1780 yılında August Ludwig von Schlözer’in bir yazısı yayınlandı. Bu yazıda, geleneksel eğitim yolculukları yerden yere vuruluyordu. Bir yeri tanımak için, sadece sarayların ziyaret edilmesinin yetmeyeceği, sadece onlara gösterilen yerlerden o yer hakkında bir fikir sahibi olamayacaklarını söylüyordu. İnsanın tanımak istediği bir halkın tüm sınıflarına karışması gerektiğini söylüyordu ve bunları yaparken seyahat konferansları veriyor, insanın seyahat etmesi için ideal yaşın 20-30 arası olduğunu savunuyordu. Bu yazı seyahat dünyasında yeni bir dönemin başladığını ilan eder nitelikte kabul ediliyormuş.

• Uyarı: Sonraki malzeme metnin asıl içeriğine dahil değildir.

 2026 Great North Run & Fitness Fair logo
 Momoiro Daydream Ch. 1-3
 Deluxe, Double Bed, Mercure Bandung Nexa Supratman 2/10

19. yüzyıla geldiğimizde İtalya yeniden moda haline gelmiş ve adeta bir “Italomania” ortaya çıkmış. Ülkenin sanatçılara ilham veren özelliği, seyahatlerin ardından ortaya çıkan resimler, gravürler ile birlikte İtalya’nın insanı etkileyen ve geliştiren bir gücü olduğu keşfedilmiş. Osmanlı Hakimiyetinde olan Yunanistan ise bu ilginin dışında kalarak gününü bekliyormuş.
1835’ten sonra Atina ziyaretçi akınına uğramaya başlamış. Adalarından, anakaraya kadar ülke bir açıkhava müzesine dönüşürken, Yunanistan 19. yüzyılda bir kült haline gelmiş, artık herkes Yunanistan’a hayran ve Akropolis artık gezginlerin akınına uğrar hale gelmiş.
Dünyanın ufkunu genişleten seyahatler de bu dönemde ortaya çıkmaya başlıyor tekrar. Fransız Devrimi, Fransa’yı ilgi odağı bir hale getirirken, Ruslar ülkelerini keşfetmeye başlıyorlar. Sibirya ve Çin sınırına kadar… Carsten Niebuhr’un Arabistan seyahati, Alexander Humboldt’un Amerika seyahati, dünyanın bilimsel açıdan keşfinde bir çığır açıyor.
Bougainville’in Pasifik ziyareti o coğrafyayı ilgi odağı haline getirmiş. James Cook’un Tahiti’ye yaptığı keşif gezisi, Tahiti’yi çarpıtmadan gözler önüne sermiş. Tahiti rüyaları süsleyen bir coğrafya, Claudius bunun şiirini yazıyor, Beethoven bestesini yapıyor. Ama sıradan bir gezgin için Asya, Avustralya, Afrika ve Amerika kıtaları keşfedilmemiş topraklar olarak kalmayı sürdürmüş.
Dönemin seyahat rehberlerinde gezginlerin yanlarına alması gerekenler şöyle sıralanıyor:
– On dört günde bir yeniden doldurulabilen çift namlulu tabanca.
– Otel odalarının kapıları için kilit ve sürgü.
– Katlanılabilir karyola, seyahat yatağı, döşek ve en azından bir tane yatak çarşafı.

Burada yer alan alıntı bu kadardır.